Coups de froid et excès d’eau toujours possibles
« Du point de vue des températures, la situation moyenne en 2050 sera proche de 2003 », prévient Nicolas Métayer. Et de glisser un exemple à vous donner une petite suée : « La situation d’échaudage de l’Aube en 2050 sera équivalente à celle de Toulouse aujourd’hui. » Pour corser la situation, ces grandes tendances s’accompagnent d’une plus grande variabilité. Les coups de froid ou les excès d’eau printaniers ne sont donc pas à exclure, à l’instar de l’année 2016.
« Globalement, le climat s’assèche et se réchauffe et le contexte hydrique va se durcir, insiste Bertrand Dufresnoy, référent Oracle à la chambre d’agriculture de la Haute-Marne. Mais la prise de décision à court terme est difficile. Je ne sais pas prévoir si, dans les cinq prochaines années, les cultures plus résistantes à la sécheresse s’en tireront mieux que les cultures actuelles. »

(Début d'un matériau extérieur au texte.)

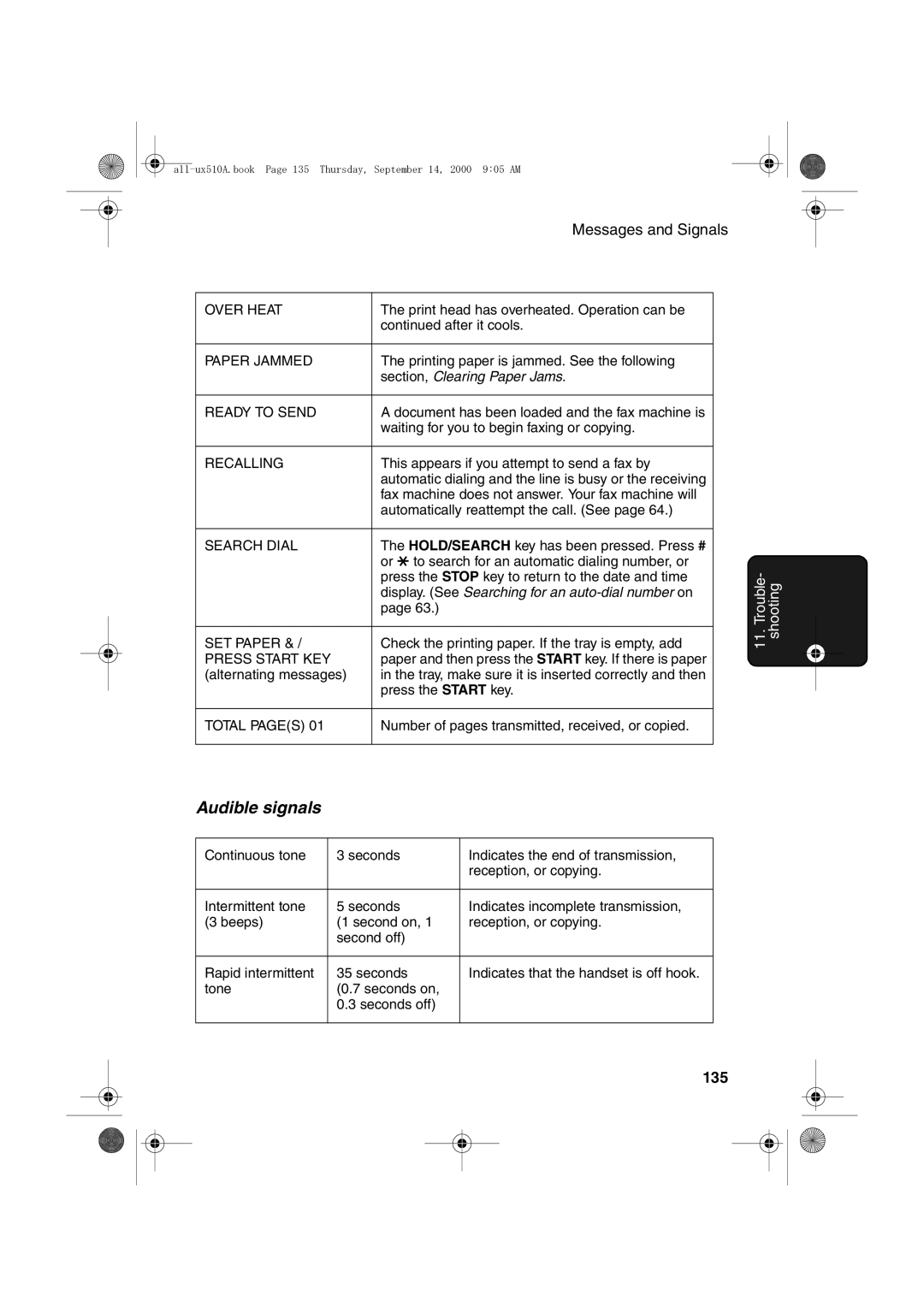 Sharp FO-1470 operation manual Audible signals, 135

Projections : un risque d'échaudage et de stress hydrique accru sur toute la France d'ici à 2050
Les indicateurs agro-climatiques élaborés par Solagro dans le cadre du projet AgriAdapt permettent de visualiser comment certaines variables vont affecter le cycle des cultures d’ici à 2050, avec trois tendances qui se dégagent :
Augmentation du nombre de jours d’échaudage : les températures de plus en plus chaudes en moyenne et la multiplication des extrêmes hauts se traduiront par une augmentation des journées échaudantes en fin de cycle partout en France, en cultures d’automne comme en cultures d’été.
Augmentation du stress hydrique : le bilan hydrique va se dégrader dans toute la France, au printemps (impact sur les cultures d’automne) et en été (impact sur les cultures d’été). Ce durcissement du stress hydrique est directement lié à la hausse des températures, source d’une évapotranspiration potentielle (ETP) accrue et de la baisse concomitante des précipitations.
Augmentation de la variabilité entre les années : au-delà de la hausse moyenne des températures et du déficit hydrique, il faudra compter avec une plus grande variabilité et des écarts de plus en plus marqués entre les extrêmes.
Oracle, un réseau pour scruter le changement climatique
Établir un état des lieux régional précis de la situation climatique et de ses impacts sur les pratiques agricoles, pour dégager des voies d’action : voilà les missions du réseau Oracle, bâti par les chambres d’agriculture. Cet Observatoire régional sur l’agriculture et le changement climatique, opérationnel dans dix régions, a pour but de poser « un constat objectif des tendances climatiques passées et des conséquences avérées sur l’activité agricole à travers différents indicateurs », explique Julie Bodeau, chargée de mission Energie/climat à la chambre régionale d’agriculture d’Occitanie.
Ces indicateurs régionalisés portent sur des données météo, mais également sur des indicateurs agro-climatiques tels que le déficit hydrique ou le nombre de jours de températures échaudantes. L’évolution des rendements ou des dates de semis est également suivie. « Cet outil permet de sensibiliser les agriculteurs au changement climatique, mais aussi les collectivités et tous les acteurs concernés », précise Julie Bodeau.